Exercise description:
Reproduce every record below exactly, with the pictures left out.

• • • • •

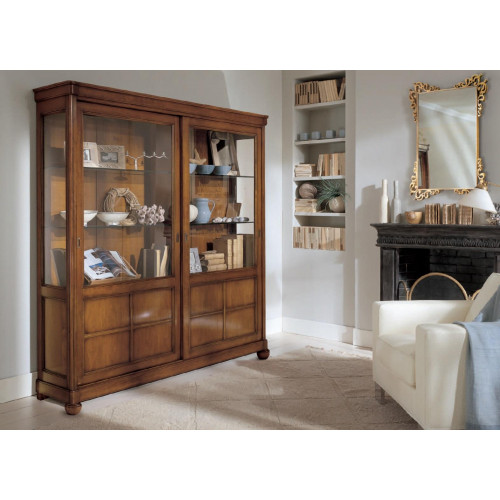 Wohnzimmer Vitrine Schrank Bücher Regal Anrichte Klassische Möbel Regale Holz Wohnzimmer Vitrine Schrank Bücher Regal Anrichte Klassische Möbel Regale Holz von Xl Moebel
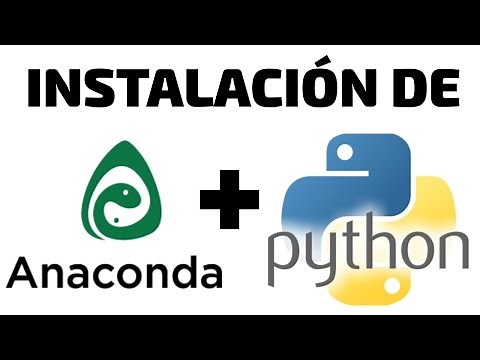 Cómo Instalar Anaconda (Python) en Windows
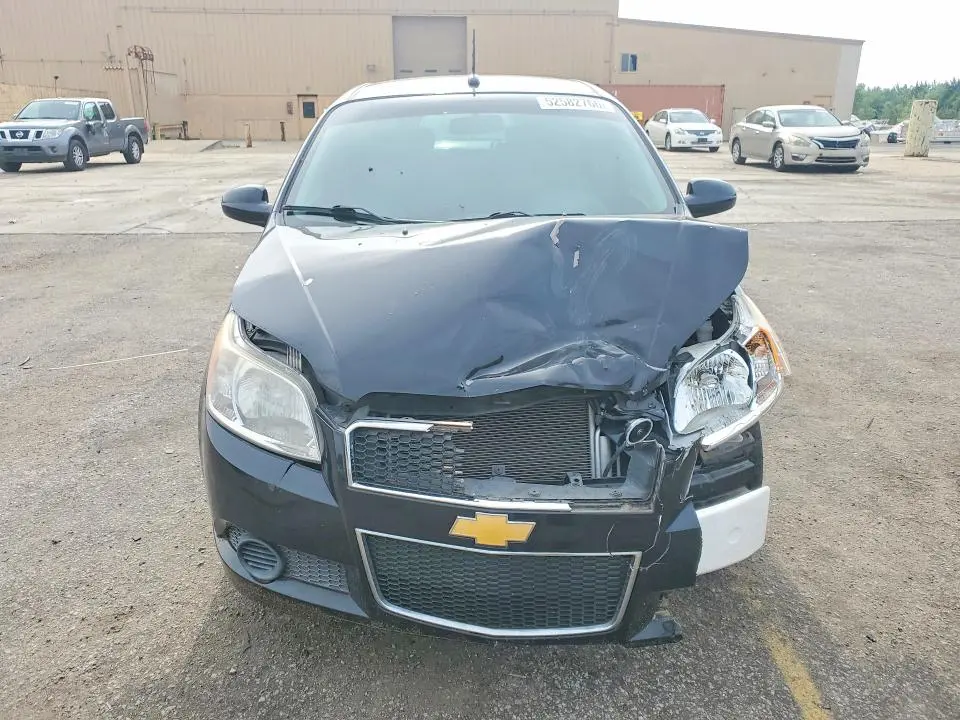 2011 CHEVROLET AVEO   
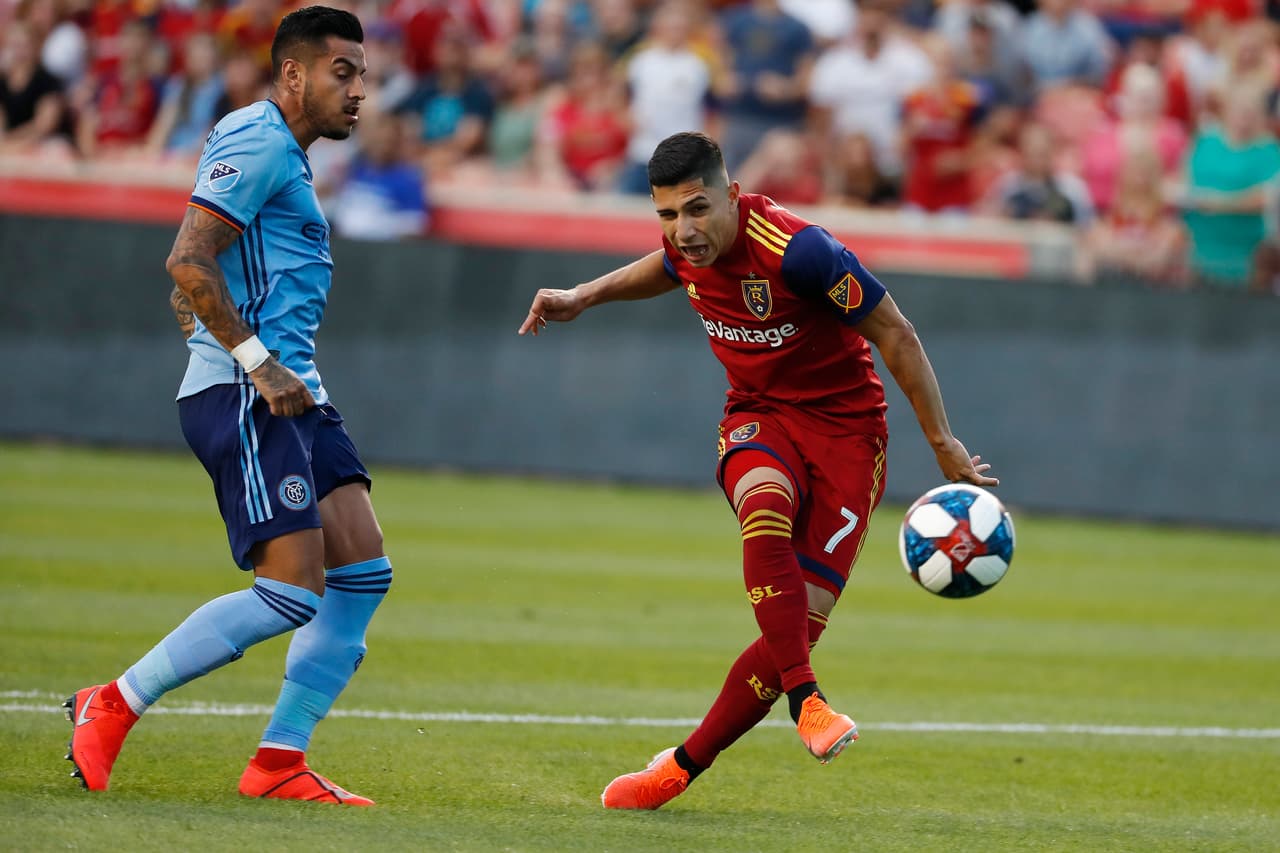 Los impresionantes números ‘localistas’ de Jefferson ‘Blackjack’ Savarino para mover los hilos de RSL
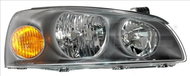 TYC HYUNDAI ELANTRA I 2003-2006 HEADLIGHT ASSY LEFT SIDE MANUAL H1 / H7 - Front Headlight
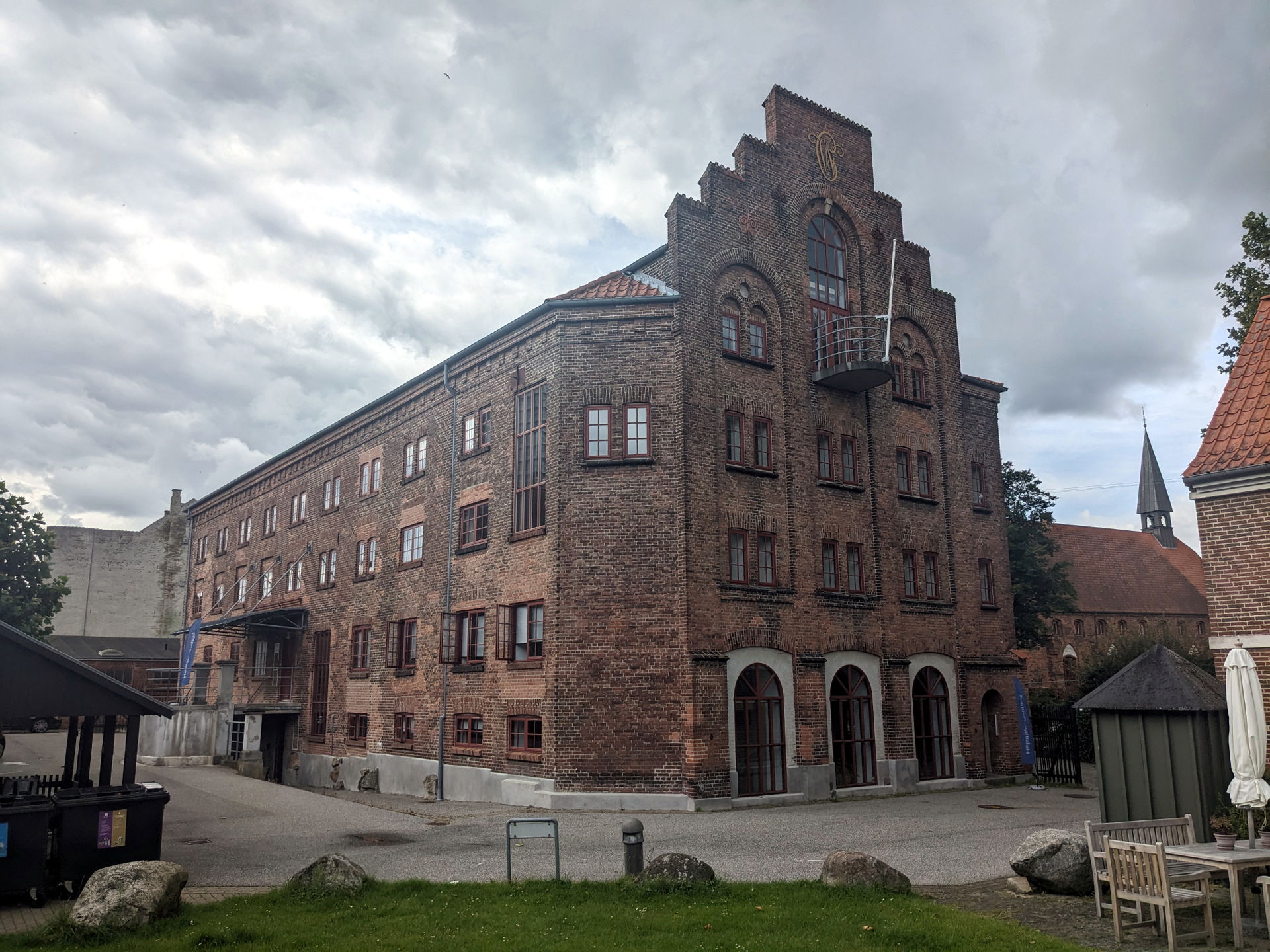 Built in 1861 and used by Wiibroe Brewery until 1984, today use…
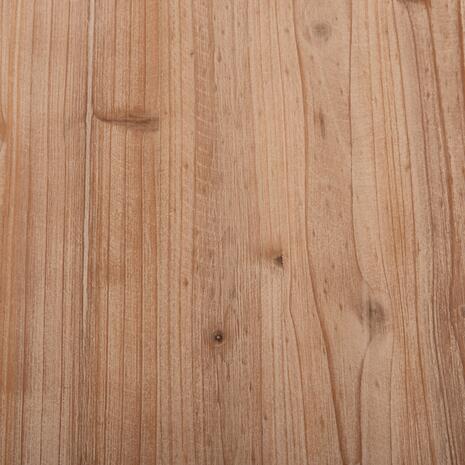 ΚΟΝΣΟΛΑ ΣΕΙΡΑ SANTORINI HM18338 ΤΟΠ ΞΥΛΟ ΕΛΑΤΟΥ-ΒΑΣΗ ΥΠΟΛΕΥΚΟ MDF 150x35x82Υεκ.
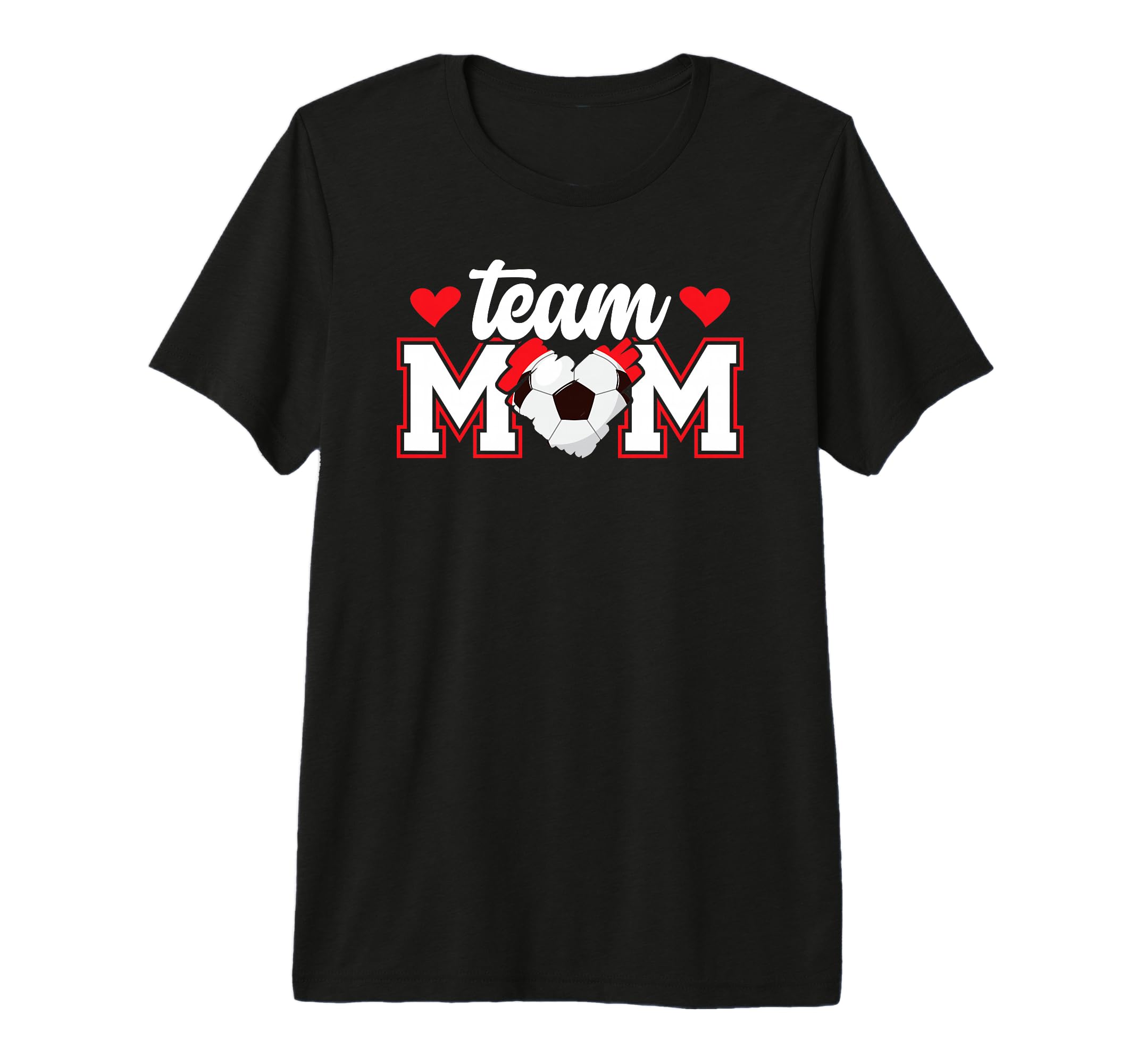 Soccer Team Mom Appreciation Soccer T-Shirt - Fun Novelty Design Men Women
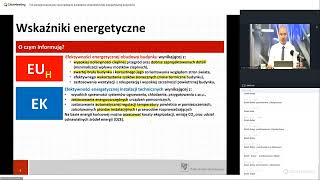 Tok postępowania przy sporządzaniu świadectw charakterystyki energetycznej budynków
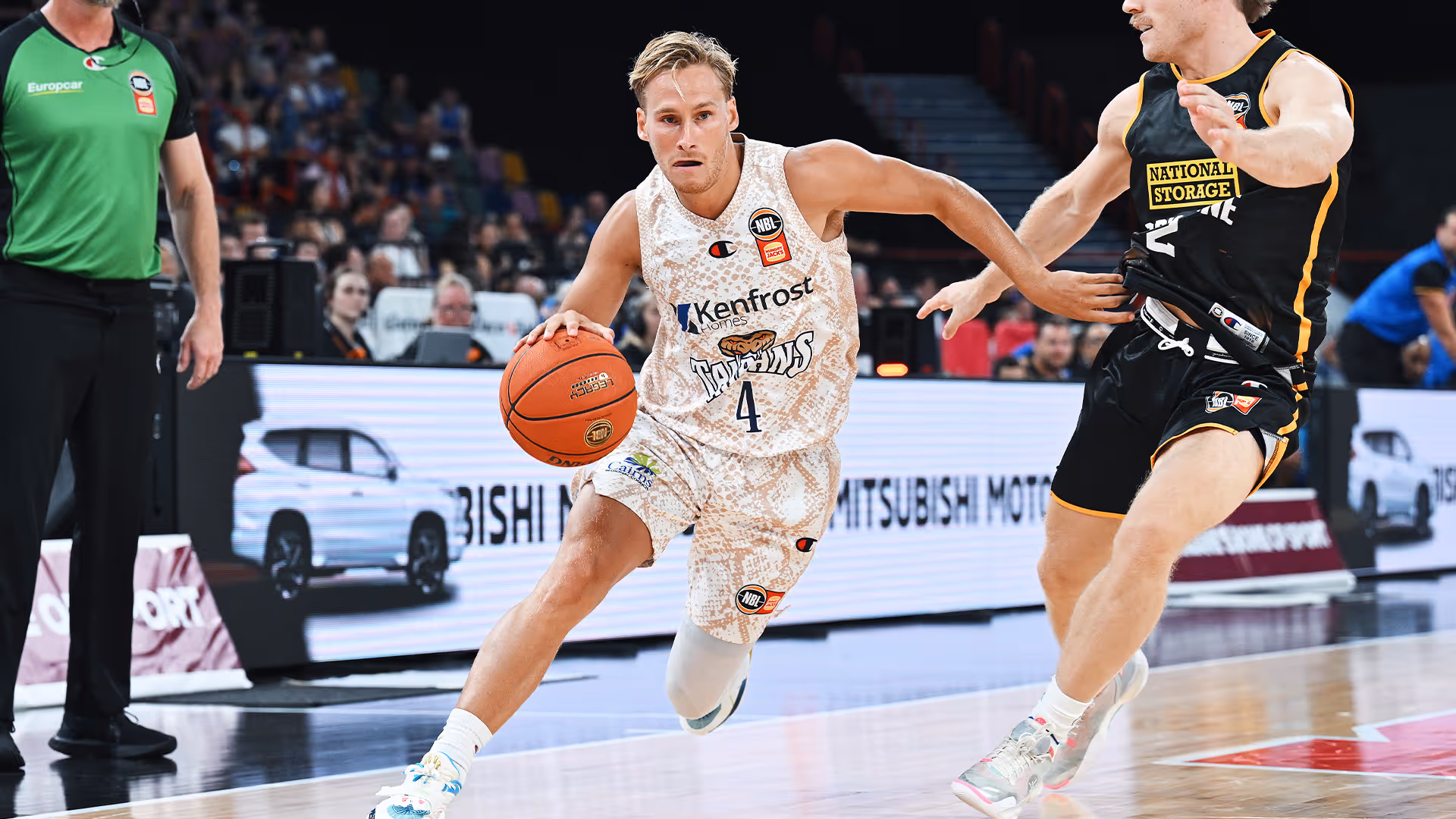 Kyle Adnam vs. Brisbane (Round 17, 2024/25)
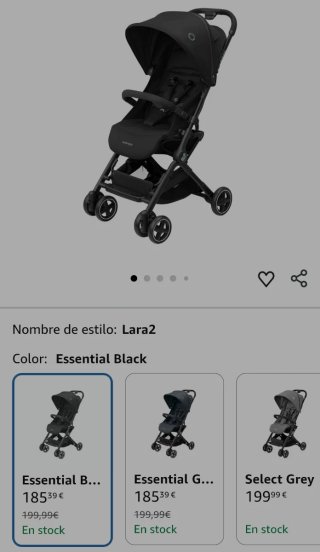 Maxi-Cosi Lara2 Silla Paseo Ligera 0-4 años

• • • • •

Solution to this problem:
 Wohnzimmer Vitrine Schrank Bücher Regal Anrichte Klassische Möbel Regale Holz Wohnzimmer Vitrine Schrank Bücher Regal Anrichte Klassische Möbel Regale Holz von Xl Moebel
 Cómo Instalar Anaconda (Python) en Windows
 2011 CHEVROLET AVEO   
 Los impresionantes números ‘localistas’ de Jefferson ‘Blackjack’ Savarino para mover los hilos de RSL
 TYC HYUNDAI ELANTRA I 2003-2006 HEADLIGHT ASSY LEFT SIDE MANUAL H1 / H7 - Front Headlight
 Built in 1861 and used by Wiibroe Brewery until 1984, today use…
 ΚΟΝΣΟΛΑ ΣΕΙΡΑ SANTORINI HM18338 ΤΟΠ ΞΥΛΟ ΕΛΑΤΟΥ-ΒΑΣΗ ΥΠΟΛΕΥΚΟ MDF 150x35x82Υεκ.
 Soccer Team Mom Appreciation Soccer T-Shirt - Fun Novelty Design Men Women
 Tok postępowania przy sporządzaniu świadectw charakterystyki energetycznej budynków
 Kyle Adnam vs. Brisbane (Round 17, 2024/25)
 Maxi-Cosi Lara2 Silla Paseo Ligera 0-4 años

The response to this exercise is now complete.